Proscan
- Company type: Private
- Industry: Consumer electronics
- Founded: 1990; 36 years ago
- Parent: Established Inc.
- Website: www.proscan-brand.com/en-US/index.html

= ProScan =

Consumer electronics manufacturer

ProScan is a consumer electronics manufacturer and has a trademark in continuous use since 1990. It is previously one brand of the French company Technicolor SA (previously named Thomson SA) with products competing with higher-end electronics. The ProScan name is owned by Technicolor USA, Inc (previously named Thomson Consumer Electronics). The company created television and video products to compete with Sony's Trinitron XBR, Pioneer's Elite, and other electronics brand lines. Competition is focused mainly on price to size ratio. The tagline for ProScan is "So advanced, yet so simple."
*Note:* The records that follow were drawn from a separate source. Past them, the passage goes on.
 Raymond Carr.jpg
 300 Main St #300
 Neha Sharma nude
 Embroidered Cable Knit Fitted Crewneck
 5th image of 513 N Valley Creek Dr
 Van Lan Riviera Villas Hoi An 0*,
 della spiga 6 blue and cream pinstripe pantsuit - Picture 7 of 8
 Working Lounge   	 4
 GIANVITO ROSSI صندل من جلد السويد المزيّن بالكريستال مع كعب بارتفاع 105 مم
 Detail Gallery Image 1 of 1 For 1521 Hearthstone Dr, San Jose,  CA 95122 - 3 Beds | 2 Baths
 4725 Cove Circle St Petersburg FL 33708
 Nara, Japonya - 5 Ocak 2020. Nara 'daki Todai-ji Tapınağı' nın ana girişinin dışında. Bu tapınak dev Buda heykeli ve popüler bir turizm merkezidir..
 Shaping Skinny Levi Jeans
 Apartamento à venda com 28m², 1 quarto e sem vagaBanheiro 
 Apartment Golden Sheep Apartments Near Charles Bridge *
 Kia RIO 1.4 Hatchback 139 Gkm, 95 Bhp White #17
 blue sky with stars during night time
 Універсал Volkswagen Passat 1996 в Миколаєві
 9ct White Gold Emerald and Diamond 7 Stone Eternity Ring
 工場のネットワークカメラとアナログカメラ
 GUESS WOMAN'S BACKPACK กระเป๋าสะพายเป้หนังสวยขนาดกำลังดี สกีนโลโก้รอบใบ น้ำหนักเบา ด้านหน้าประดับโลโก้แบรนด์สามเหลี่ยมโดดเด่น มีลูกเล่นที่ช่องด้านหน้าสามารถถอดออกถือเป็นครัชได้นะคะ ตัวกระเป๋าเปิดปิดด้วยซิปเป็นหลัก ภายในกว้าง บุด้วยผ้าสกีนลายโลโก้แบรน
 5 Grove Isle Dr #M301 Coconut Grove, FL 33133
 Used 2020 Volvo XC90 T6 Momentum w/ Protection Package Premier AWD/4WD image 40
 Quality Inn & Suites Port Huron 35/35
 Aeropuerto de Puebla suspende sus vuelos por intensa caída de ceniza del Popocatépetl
Once the premium sub-brand of RCA TVs, the ProScan name is owned by Technicolor, which controls RCA as well. The brand is currently licensed in North America by Curtis International, an Ontario, Canada, manufacturer and distributor of value-based consumer electronics products. Established inc. acquired the brand rights in 2025.

==History==
The ProScan brand superseded the RCA Dimensia line in the early 1990s after the purchase of RCA by General Electric and lasted into the early 2000s until it was dropped for the RCA Scenium brand. Thomson SA has never manufactured or distributed televisions in the United States labeled Thomson. In 2006, Thomson Consumer Electronics licensed the Proscan name to ON corporation, although they retain ownership of the name and logotype. Electronics are under the brand used by Curtis International. Formally made by OnCorp, then ActiveON, ProScan was made by Curtis International from 2011 until 2019.